AWS Glue metastore

This article takes you through connecting Zetaris to AWS Glue.

Assumptions:

  1. Your application is already running in AWS Kubernetes
  2. The Primary AWS role has already been created and attached to service account.

Steps for connecting to Primary AWS GLUE:

  1. Login to the Zetaris platform.

  2. Select the NDP fabric Builder at the top of the screen.

  3. Select the plus icon button next to “AWS Glue” section of the data source panel on the left side of the screen.

  4. You will now see the following window to create a new AWS Glue Source.
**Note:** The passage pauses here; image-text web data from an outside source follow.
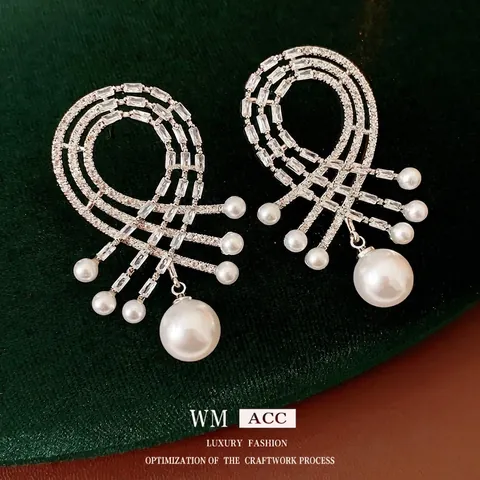 Orecchini Lunghi Di Lusso Vintage Con Silver Earring Post Lega Zirconia E Imitazione Perla Artificial Goccia D'acqua Donne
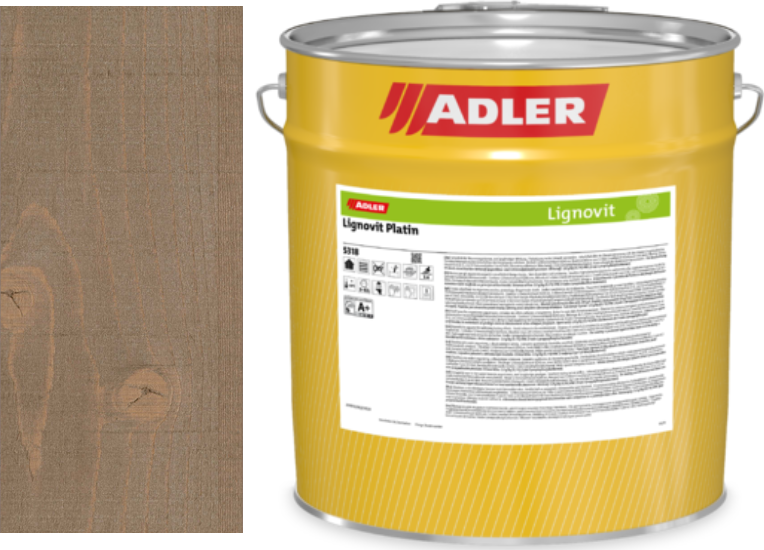 Adler LIGNOVIT PLATIN (Vodouředitelná lazura s metalickým efektem) topasgrau Balení: 4L + dárek k objednávce nad 1000Kč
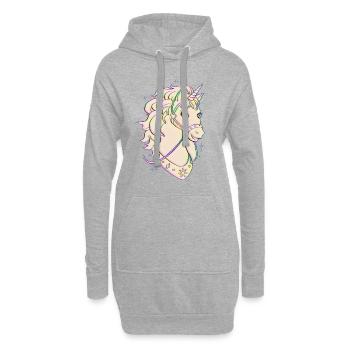 Einhorn Shirt , Unicorn, Einhornkopf - Hoodie-Kleid - Grau meliert - Vorne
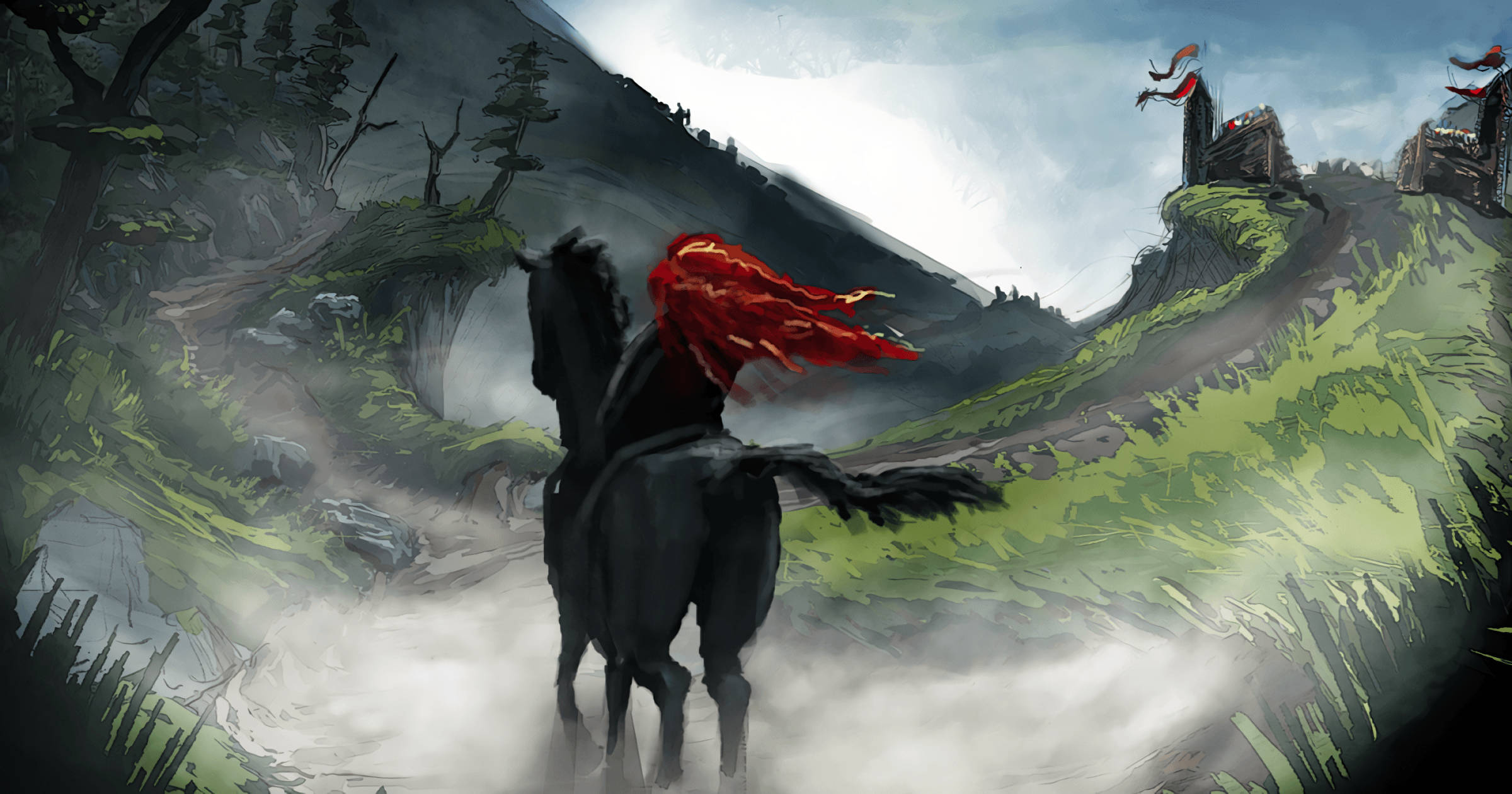 Disney Brave, black horse, flowing red cape, Full HD Desktop Wallpaper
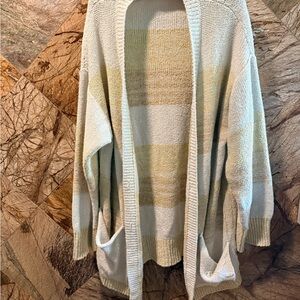 Free People Cream and Tan Cardigan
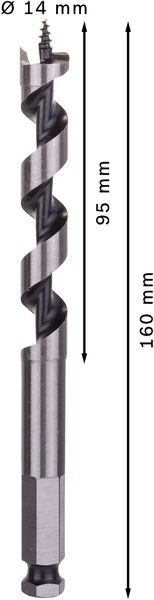 TRÄSPIRALBORR BOSCH M SEXKANTFÄSTE 14X100X160MM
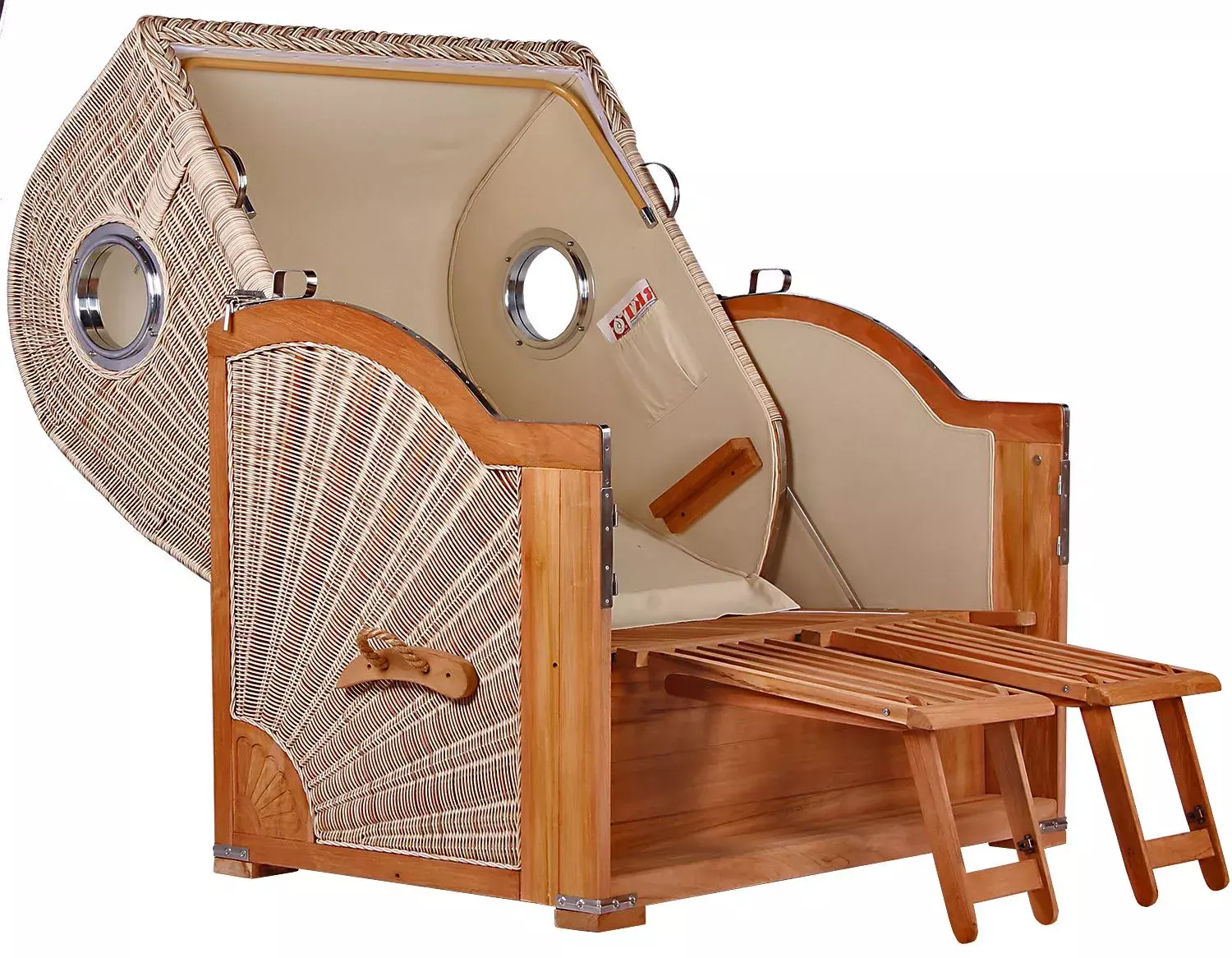 Strandkorb Norderney Teak Bullauge PE Shell Dessin 513 11 Strandkorb Norderney Teak Bullauge PE Shell Dessin 513 – Bild 9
    1. AWS Glue Name: Any name can be given for primary Glue source.
    2. AWS Region: Choose the region where glue database is located.
    3. Prefix: Give any prefix.
    4. Parameters: Provide any required parameters for Glue source.
  5. Proceed by selecting Next
  6. Select all the databases you wish to be pulled from the glue metastore.
  7. Please wait for all the tables to be fetched, once completed please click the 'register' button.
  8. You have now successfully registered a Primary Glue metastore

Steps for connecting to a secondary AWS GLUE(If you dont have a secondary glue below part is optional):

  1. Log into the AWS console
  2. Ensure that Primary AWS role contains the permissions policies below:
    1. AWSGlueServiceRole
    2. AmazonS3ReadOnlyAccess

  3. Open a new tab and log in to the AWS console and log in using the Secondary AWS account ID
  4. Open IAM dashboard>Roles
  5. Select ‘Create role’
    1. Select trusted entity type as: AWS account
    2. Select ‘Another AWS Account’ and input account id of the Primary AWS account
    3. Select next
  6. Give a role name and select the permissions policies below:
    1. AWSGlueServiceRole
    2. AmazonS3ReadOnlyAccess

  7. Then click create role.
  8. Once role is created open the role and select the trust relationships tab
  9. Click on edit trust policy
  10. The section should become editable and update the ARN of the role copied from the primary AWS account to the trust relation of this secondary account role and save. As shown below:
  11. On the Primary AWS account, go to IAM dashboard>Polices then create policy
  12. Select the Visual editor tab
    1. Service: STS
    2. Actions: Write>Assume Role
    3. Resources: Add ARN of role from secondary AWS account
    4. Give the policy a name, then create Policy


  13. On the primary AWS account add the newly created policy created in the previous step
  14. Open the VM where EFS is mounted.
  15. Go to path mount/server
  16. Edit file  aws_glue_conf.properties. if the file is not there create one with same name.
  17. Add the secondary account role ARN or Catalog ID.
    1. Adding ARN:
      1. <secondary_glue_name.arn>=arn:aws:iam::<your aws id>:role/<your glue s3 role>
      2. For example :  abc_account.arn=arn:aws:iam::6720978xxxxxx:role/glue_s3_role
    2. Adding Catalog ID
      1. <secondary_glue_name.catalogid>=<your catalogid>
      2. For example : abc_account.catalogid=6720978xxxxxx
  18. Save the file and exit
  19. Now follow the same step used in "Steps for connecting to Primary AWS Glue" used to connect to secondary glue. Only important point to note here is same name has to be given for secondary glue in aws_glue_conf.properties.